So richtig der Gedanke, den biederen, rein chronologischen Ablauf aufzulockern, gewesen sein mag: Abgesehen von manchen, gemeinsamen Erlebnissen von getrennt beschriebenen Band geschuldeten Doppelerzählungen, verliert sich der dem Aufstieg und der Expansion des Labels folgende Leser schnell im Dschungel der internationalen Musikbusiness-Verflechtungen. Hier wäre ein ähnlich ausführlicher Überblick, wie über Walterbachs Jugendjahre angebracht gewesen, sowie ein Personenverzeichnis, um sich im Dickicht aus Managern, Journalisten, A&R-Männern und anderen Label-Mitarbeitern zurechtzufinden.

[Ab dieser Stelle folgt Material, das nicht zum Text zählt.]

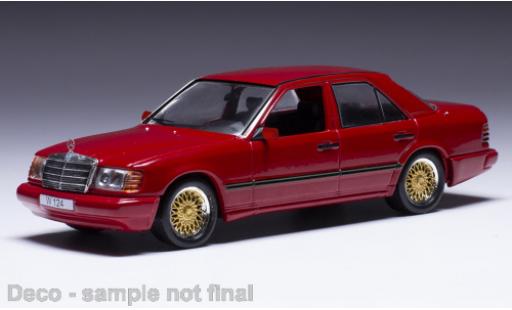 Modellautos Mercedes CLA 1/43 IXO 300 E (W124) rouge clair 1984 Mercedes CLA 1/43 IXO 300 E (W124) rouge clair 1984 modellautos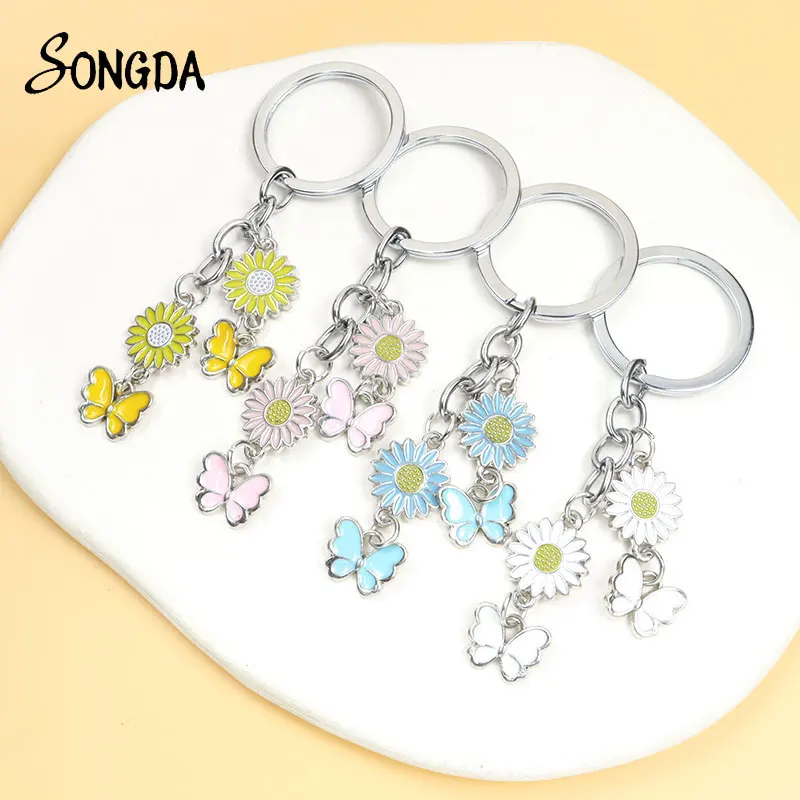 

Creative Cute Butterfly Enamel Keychain Colorful Daisy Flower Metal Key Chains Purse Handbag Car Key Accessories Fashion Jewelry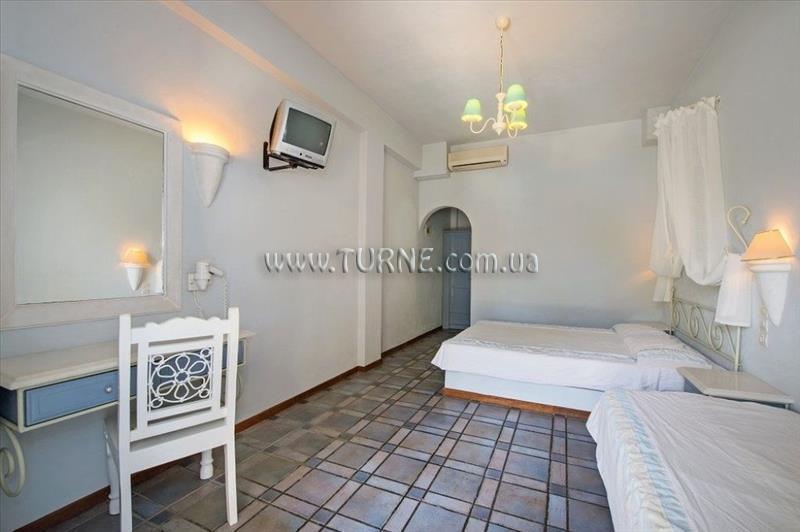 Вид Atlantis Beach Santorini 3*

Und nicht zuletzt bleibt die Hauptperson des Buches, Karl-Ulrich Walterbach, bis zuletzt unscharf: Gerühmt wird er für sein Engagement für den Untergrund, für das Vertrauen, das er jungen Musikern entgegenbrachte und -bringt, für seine Hingabe an die Musik. Auf der anderen Seite erscheint er als knallharter Geschäftsmann, der sich nicht viel um die Befindlichkeiten oder finanziellen Ansprüche seiner Künstler kümmerte, dafür aber eine Schwäche für teure Kunst entwickeln konnte. Nicht einmal der Musikgeschmack des facettenreichen Protagonisten lässt sich klar fassen: Ein ehemaliger Punk, der ein Faible für Power Metal entwickelt? Faszinierend -

FAZIT: Faszinierend ist dieses Buch am Ende des Tages doch, obwohl, oder gerade weil der ungewohnte Blickwinkel und die Verlagerung des tendenziellen Schwerpunkts von der Kunst aufs Geschäft mitunter auch die Schattenseiten und die nicht immer rund laufende Maschinerie hinter den Kulissen der Musik zeigen. Walterbach selbst erstrahlt schlussendlich in neutralem Dämmerlicht, seine im Nachwort formulierte, sehr negative Prognose, was die Entwicklung von Musik und insbesondere Metal in der Zukunft angeht, ist traurig, aber leider nachvollziehbar.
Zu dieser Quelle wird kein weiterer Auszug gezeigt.